Nel nome di quel totem il presidente degli Stati Uniti Barack Obama evita d'associare l'aggettivo «islamico» alla parola «terrore» durante l'esitante e incerto messaggio di solidarietà pronunciato dopo l'ecatombe parigina del 13 novembre. E il laicismo radicale dei benpensanti liberal pronti a condannare al rogo sociale chiunque punti il dito sui leader musulmani recalcitranti nel condannare il terrorismo è lo stesso che ci ha impedito di prevenire gli orrori iracheni e siriani. Nel nome di quello stesso laicismo radicale abbiamo ignorato per anni le voci dei cristiani di Siria perseguitati, uccisi e massacrati mentre denunciavano in anticipo le violenze dei gruppi jihadisti e l'avanzata dello Stato Islamico.

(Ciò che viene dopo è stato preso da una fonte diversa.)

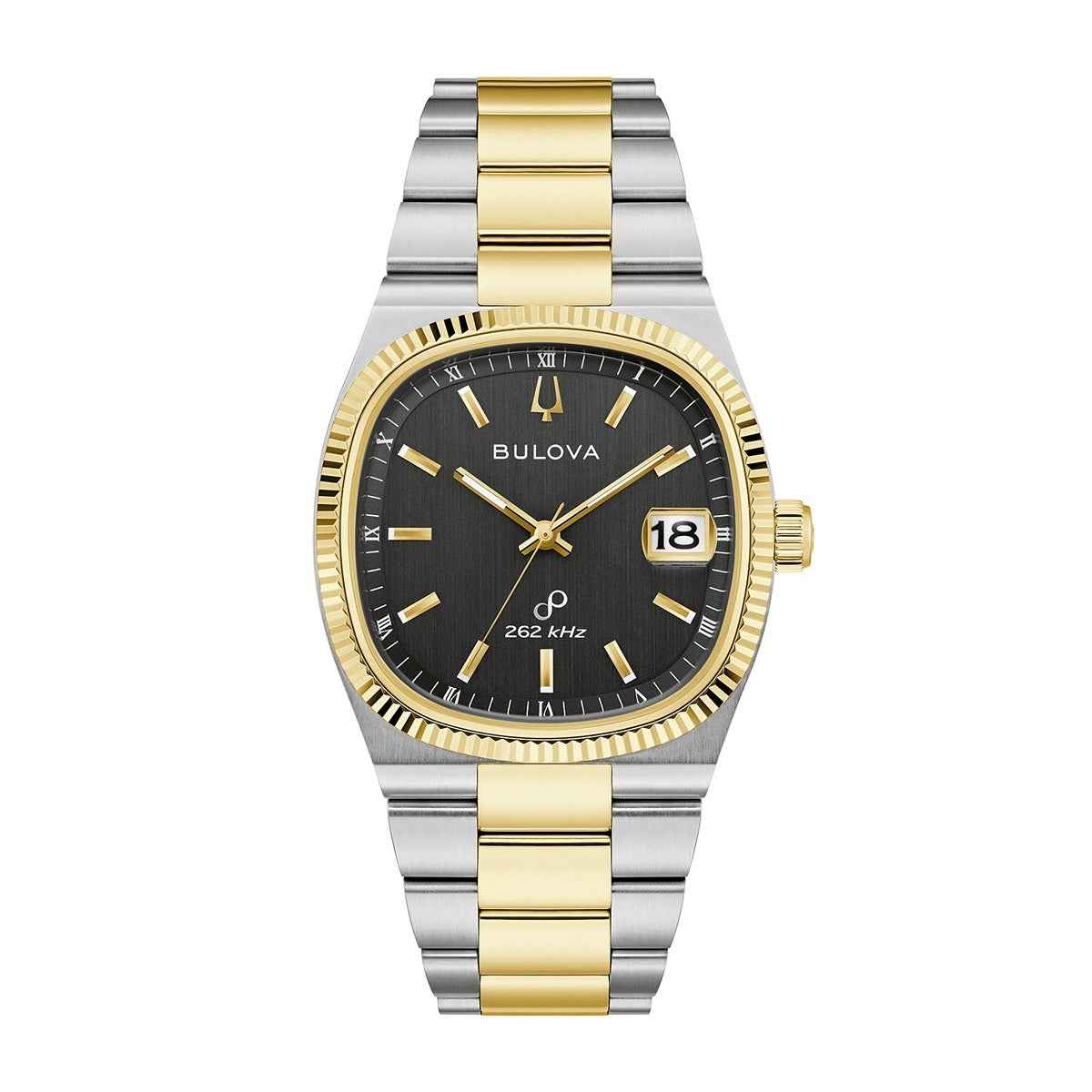 Bulova Men's Super Seville Quartz Two-Tone Stainless Steel Watch with Black Dial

E come non ricordare la connivente stupidità di giornalisti e quotidiani inglesi prontissimi, nel 2009, a dar voce ad una campagna di Cage, l'associazione per i diritti umani fondata da un ex detenuto di Guantanamo, che accusava i servizi segreti di britannici di perseguitare Mohammad Elwazi, un ragazzotto sospettato di voler trascorrere le vacanze in compagnia degli shebab somali. Un ragazzotto lasciato libero, qualche anno più tardi, di raggiungere la Siria per trasformarsi nel decapitatore di ostaggi occidentali meglio conosciuto come Jihadi John. E che dire della sconvolgente leggerezza con cui una signorina italiana in niqab chiamata Maria Giulia Fatima Sergio è stata lasciata libera di rilasciare aberranti opinioni davanti a platee universitarie e televisive. Fino a quando non ha deciso di togliere il disturbo raggiungendo marito e amichetti sui fronti siriani dello Stato Islamico. Da lì oggi è libera d'inneggiare agli stragisti di Parigi.

Ma una cosa è certa. Se un Magdi Allam, un Nicola Porro o qualche altro sventurato «islamofobo» avesse osato contestarne opinioni e aspetto prima della partenza, i veri terroristi e i veri incivili sarebbero stati soltanto loro.